Handling the Kubernetes symbolic link vulnerability
A year-old bug in Kubernetes was the topic of a talk given by Michelle Au and Jan Šafránek at KubeCon + CloudNativeCon North America, which was held mid-December in Seattle. In the talk, they looked at the details of the bug and the response from the Kubernetes product security team (PST). While the bug was fairly straightforward, it was surprisingly hard to fix. The whole process also provided experience that will help improve vulnerability handling in the future.
The Kubernetes project first became aware of the problem from a GitHub issue that was created on November 30, 2017. It gave full detail of the bug and was posted publicly. That is not the proper channel for reporting Kubernetes security bugs, Au stressed. Luckily, a security team member saw the bug report and cleared out all of the details, moving it to a private issue tracker. There is a documented disclosure process for the project that anyone finding a security problem should follow, she said.
Background
In order to understand the bug, some background on volumes in Kubernetes is needed, much of which can also be found in a blog post by Au and Šafránek. They put up an example pod spec (which can be seen in the slides [PDF]) that was using a volume. When that pod gets scheduled to a node, the volume will be mounted so that containers in the pod can access it. Each container can specify where the volume will be mounted inside the container. A directory is created on the host filesystem where the volume is mounted.
When the container starts, the kubelet node manager needs to tell the container runtime about the volume; both the host filesystem path and the location in the container where it should be bind mounted are needed. In addition, a container can specify a subdirectory of the location where the volume is mounted in the container using the subPath directive. But subPath was subject to a classic symbolic-link race condition vulnerability.
A container could symbolically link anything to a subPath name in its view of the volume. A subsequent container that used the subPath name would be using a link controlled by the owner of the pod. Those links are resolved on the host, so linking the subPath name to / would provide access to the root directory on the host; game over.
Šafránek demonstrated the flaw. He showed that it allows access to the root directory of the host, which means that the whole node is compromised. For example, it gives access to the Docker socket so an attacker can run anything in the containers, access any secrets used by the containers, and more. All of that comes about because Kubernetes does not check for symbolic links.
Working out a solution
The problem was reported just before KubeCon Austin, so the PST brainstormed on solutions at that gathering. The first, "naive", idea was simply to resolve the full path, then validate that it still points inside the volume.

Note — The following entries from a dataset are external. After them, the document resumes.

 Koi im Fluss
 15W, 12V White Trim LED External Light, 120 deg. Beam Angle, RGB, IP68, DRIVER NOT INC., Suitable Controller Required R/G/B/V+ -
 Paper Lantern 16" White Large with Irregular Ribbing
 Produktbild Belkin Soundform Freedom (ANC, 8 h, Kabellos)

But there is a time of check to time of use (TOCTTOU) race condition in that scheme. The user can modify the directories after the check but before they are handed to the container runtime.
The next idea was to freeze the filesystem while validating the path and handing it to the container runtime. For Windows, CreateFile() can be used to lock each component of the path until after the runtime mounts it, but something different was needed for Linux. Bind mounting the volume to some Kubernetes directory, outside of user control, and then handing that off is a safe way to get it to the runtime, but it still leaves race conditions. After any symbolic links are resolved and after the path has been validated to remain inside the volume are two points where a user could switch the path to contain a symbolic link.

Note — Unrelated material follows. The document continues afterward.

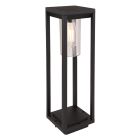 Sort modern udendørslampe plast, Vildan, IP44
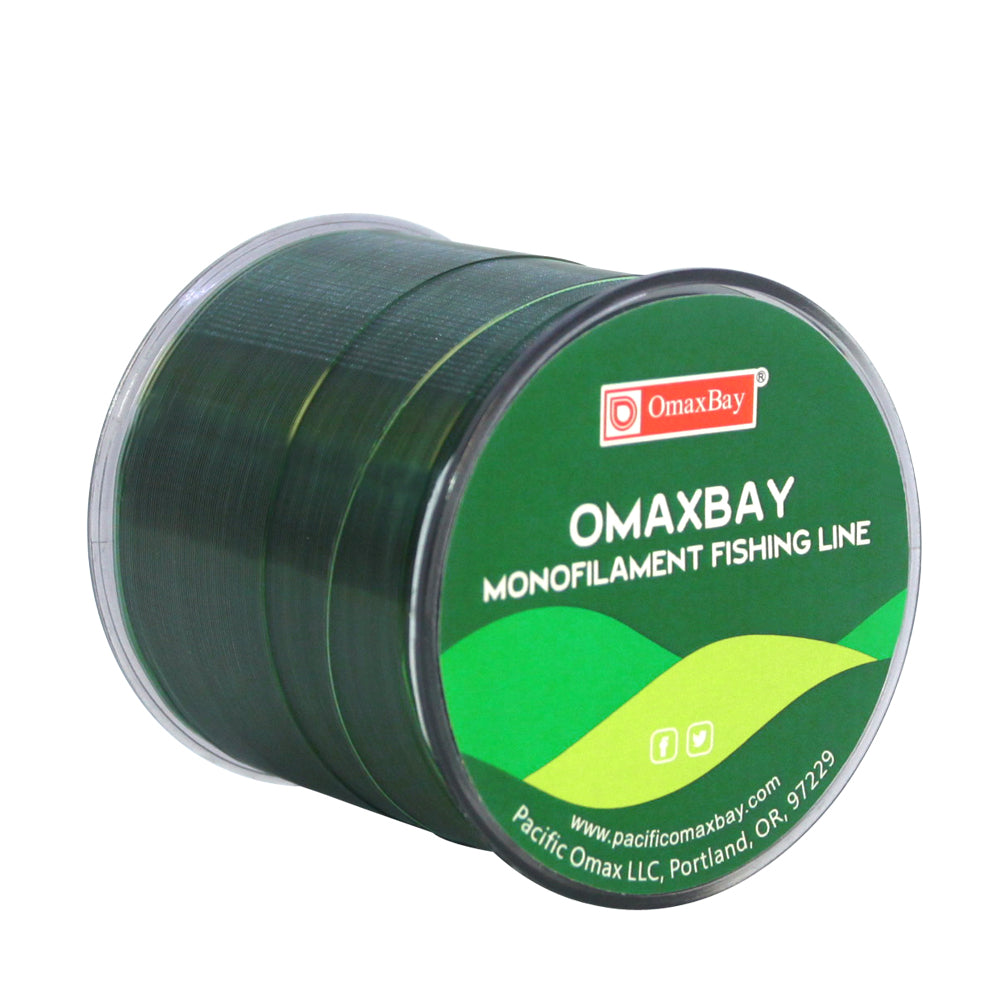 OMAXBAY Monofilament Fishing Line-300M- Green – OmaxBay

The /proc filesystem contained a clue that was used for the actual solution that was implemented. The links under /proc/PID/fd can reliably be used to bind mount a file descriptor corresponding to the final component of the subPath. The volume directory is opened, then each component of the subPath is opened using openat() while disallowing following symbolic links and validating that the path is still within the volume. The file descriptor file in /proc of the final component is then bind mounted to a safe location and handed off to the container runtime. That eliminates the races and implements a scheme that is not dependent on the underlying filesystem type.
Making the fix
It took a fair amount of time to get the fix out there; there were lots of end-to-end tests that needed to be developed and run on both Linux and Windows. But, since Kubernetes is developed in the open, how could this fix be developed in secret? The answer is that a separate repository, kubernetes-security, was used. Only the PST can normally access it, but the PST can give temporary access to those working on the fix. Au and Šafránek lost their access after the fix was released; "we have no idea what's going on there now", Šafránek said.

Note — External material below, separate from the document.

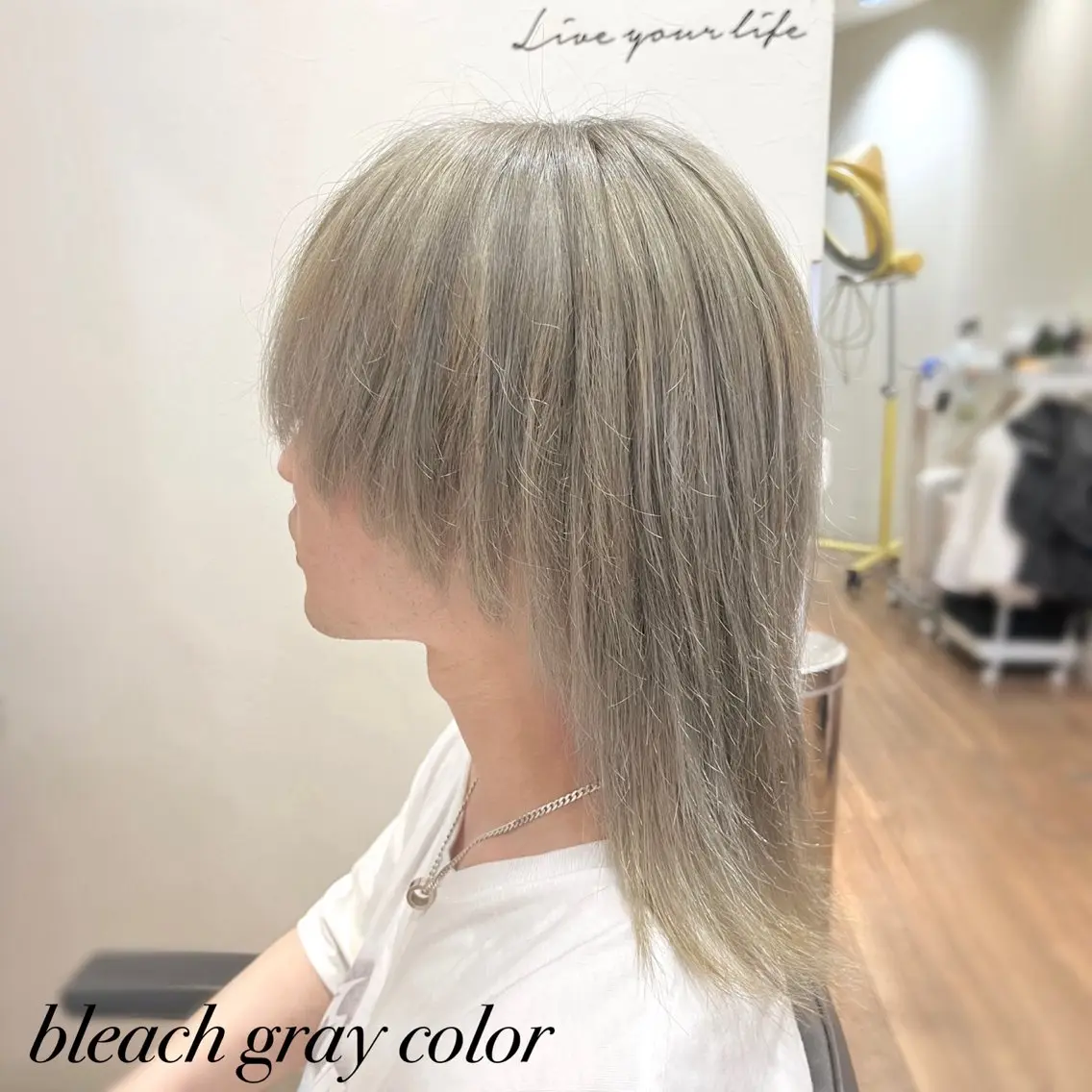 ショート カラー メンズ ヘアカラー トリートメント 森山 雄太のヘアスタイル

The development and testing process is similar to that of the open kubernetes repository, but the logs of tests and such for kubernetes-security go to a private bucket that only Google employees can access. Šafránek works for Red Hat in Europe, so sometimes he had to wait for Au, who works for Google in the US, to wake up so that he could find out what went wrong for a test run.
The flaw was disclosed to third-party Kubernetes vendors on the closed kubernetes-distributors-announce mailing list one week before it was publicly disclosed. On March 12, CVE-2017-1002101 was announced, which was roughly four months after it was reported. Kubernetes 1.7, 1.8, and 1.9 were updated and released on that day. The timeline and more can be found in the public post-mortem document.
Au went over some "best practices" for avoiding these kinds of problems. To start with, do not run containers as the root user; containers running as another user only have the same access as that user. That can be enforced by using PodSecurityPolicy, though containers will still run in the root group; the upcoming RunAsGroup feature will address that shortcoming. The security policy can also be used to restrict volume access, though that would not have helped for this particular vulnerability.
Using sandboxed containers is something that is being investigated for future Kubernetes releases. Using gVisor or Kata Containers will provide another security boundary. That is in keeping with a core principle that there should be at least two security barriers around untrusted code. For this vulnerability, a sandbox could have prevented access to the host filesystem. Au said she expects to see some movement on container sandboxes over the next year or so.
She started her talk summary with a reminder to follow the project's security disclosure process. She also suggested that Kubernetes and other projects be "extra cautious" when handling untrusted paths. Symbolic-link races and TOCTTOU are well-known dangers in path handling. In addition, she recommended setting restrictive security policies and using multiple security boundaries.
In answer to a question, Au said that most of the four months was taken up by development and testing, some of which was slowed down by the end-of-year holiday break. About two weeks were taken up with the actual release process. When asked about what could improve for the next CVE, Šafránek said that getting access to the private logs is important; Au said that it is being worked on. She also pointed to the post-mortem document as a good source for improvement ideas.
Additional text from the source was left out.